== Data records ==
Start of Block

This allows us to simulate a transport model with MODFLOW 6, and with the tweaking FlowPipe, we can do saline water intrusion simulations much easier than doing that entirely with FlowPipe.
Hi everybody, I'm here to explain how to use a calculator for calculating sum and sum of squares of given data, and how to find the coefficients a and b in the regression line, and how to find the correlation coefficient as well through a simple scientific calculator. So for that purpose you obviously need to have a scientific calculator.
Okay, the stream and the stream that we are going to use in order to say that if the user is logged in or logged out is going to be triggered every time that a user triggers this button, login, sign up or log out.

End of Block
Start of Block

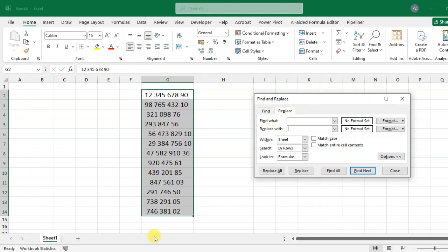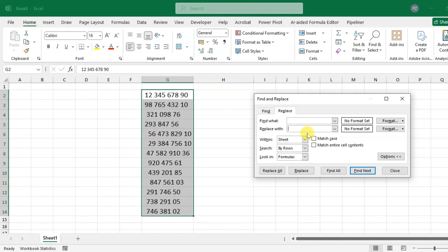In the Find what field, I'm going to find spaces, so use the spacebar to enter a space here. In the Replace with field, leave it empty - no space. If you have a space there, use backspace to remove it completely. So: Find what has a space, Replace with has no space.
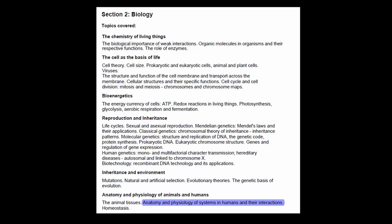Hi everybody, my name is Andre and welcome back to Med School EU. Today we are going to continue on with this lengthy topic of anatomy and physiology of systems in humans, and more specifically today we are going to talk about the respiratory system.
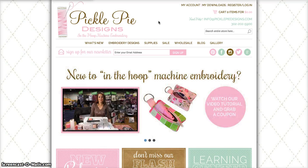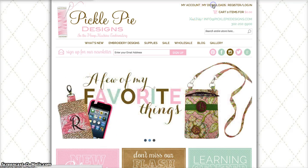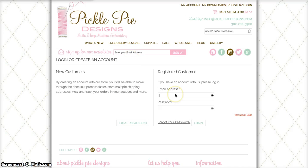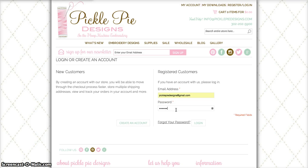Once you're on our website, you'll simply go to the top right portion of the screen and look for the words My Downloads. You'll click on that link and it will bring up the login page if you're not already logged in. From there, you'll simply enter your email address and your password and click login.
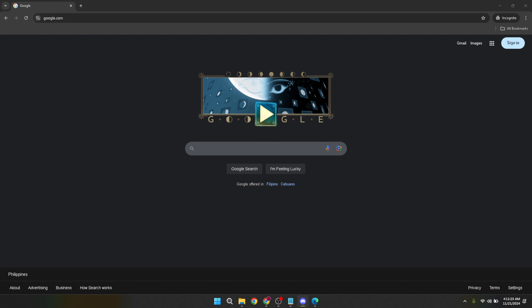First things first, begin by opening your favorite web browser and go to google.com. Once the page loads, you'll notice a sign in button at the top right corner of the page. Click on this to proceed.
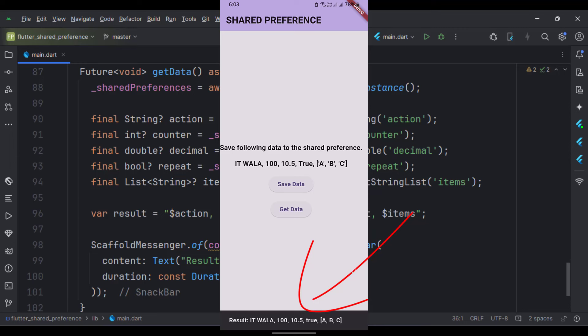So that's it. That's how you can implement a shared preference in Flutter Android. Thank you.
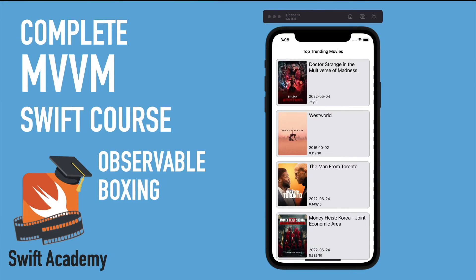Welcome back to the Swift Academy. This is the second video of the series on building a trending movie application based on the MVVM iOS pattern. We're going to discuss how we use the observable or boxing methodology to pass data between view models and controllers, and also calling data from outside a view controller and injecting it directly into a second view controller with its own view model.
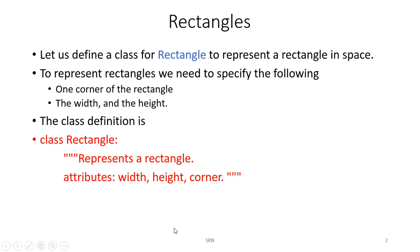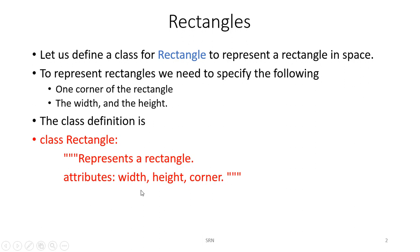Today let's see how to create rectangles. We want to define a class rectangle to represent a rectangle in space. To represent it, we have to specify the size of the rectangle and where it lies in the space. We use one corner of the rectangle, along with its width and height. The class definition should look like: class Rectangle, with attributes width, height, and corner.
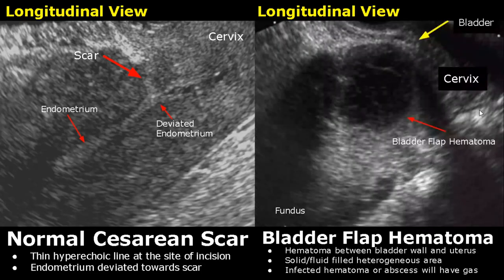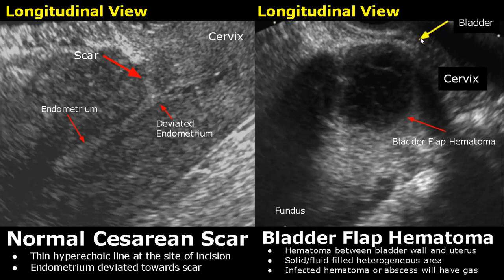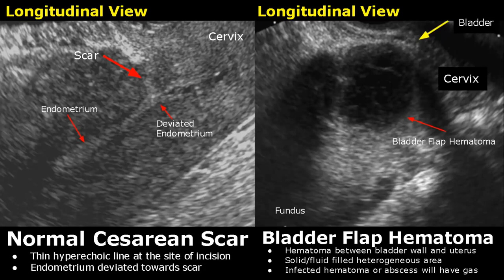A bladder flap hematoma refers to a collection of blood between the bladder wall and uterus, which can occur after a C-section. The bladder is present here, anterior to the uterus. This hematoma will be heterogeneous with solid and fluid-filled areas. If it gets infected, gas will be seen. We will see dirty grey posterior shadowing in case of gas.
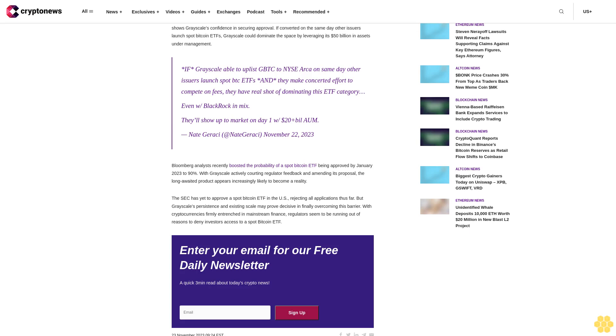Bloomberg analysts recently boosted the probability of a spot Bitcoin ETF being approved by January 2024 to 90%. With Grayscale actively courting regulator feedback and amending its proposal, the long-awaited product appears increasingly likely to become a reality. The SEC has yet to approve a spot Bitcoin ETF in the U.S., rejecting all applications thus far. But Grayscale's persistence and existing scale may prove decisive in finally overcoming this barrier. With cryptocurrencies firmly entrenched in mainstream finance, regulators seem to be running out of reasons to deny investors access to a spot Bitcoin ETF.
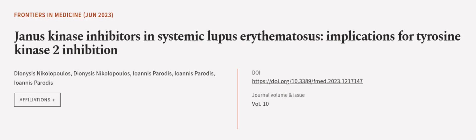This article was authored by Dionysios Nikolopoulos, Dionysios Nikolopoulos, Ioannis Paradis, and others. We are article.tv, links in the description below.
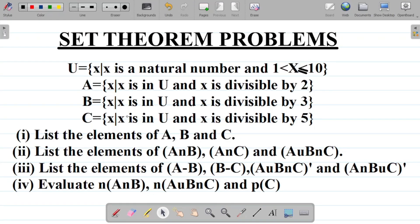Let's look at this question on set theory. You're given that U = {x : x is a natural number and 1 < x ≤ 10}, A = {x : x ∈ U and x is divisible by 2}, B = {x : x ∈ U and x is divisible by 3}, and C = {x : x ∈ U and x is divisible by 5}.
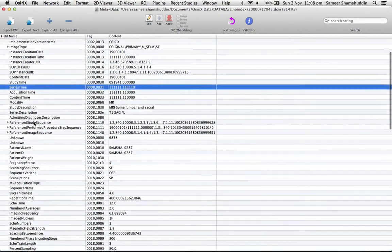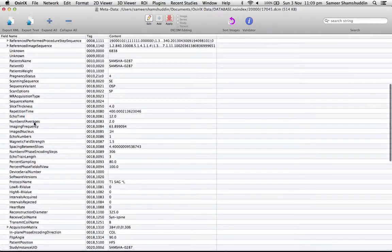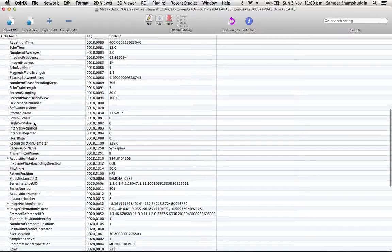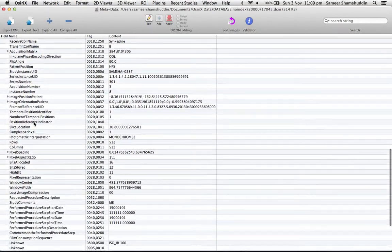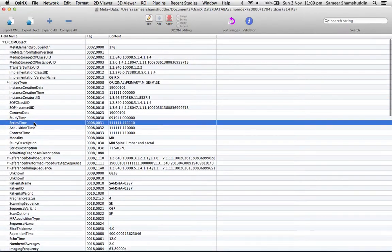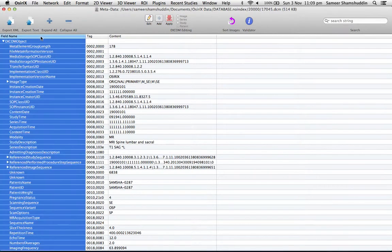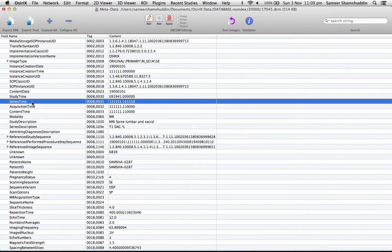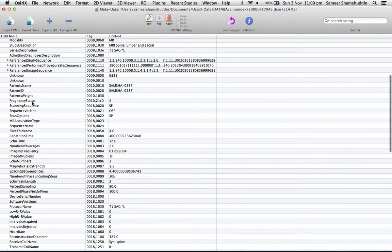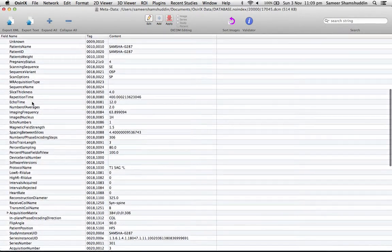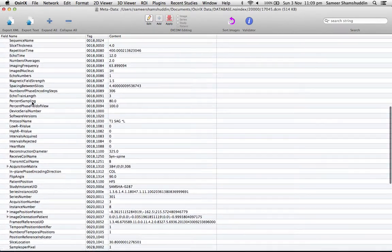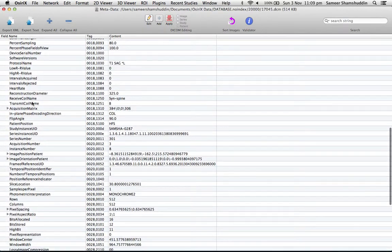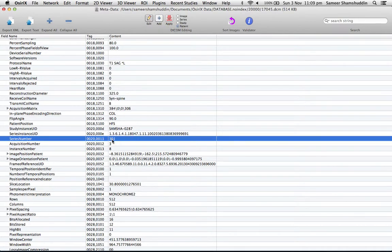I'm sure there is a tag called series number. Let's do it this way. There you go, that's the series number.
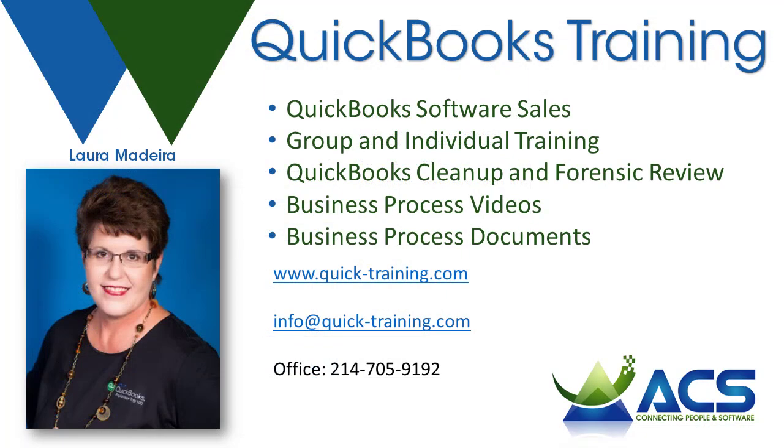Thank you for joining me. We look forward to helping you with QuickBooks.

End of Block

A word-for-word copy of the lines above from the one with "This allows us" through the one with "Okay, the stream", inclusive, is the only output wanted.

This allows us to simulate a transport model with MODFLOW 6, and with the tweaking FlowPipe, we can do saline water intrusion simulations much easier than doing that entirely with FlowPipe.
Hi everybody, I'm here to explain how to use a calculator for calculating sum and sum of squares of given data, and how to find the coefficients a and b in the regression line, and how to find the correlation coefficient as well through a simple scientific calculator. So for that purpose you obviously need to have a scientific calculator.
Okay, the stream and the stream that we are going to use in order to say that if the user is logged in or logged out is going to be triggered every time that a user triggers this button, login, sign up or log out.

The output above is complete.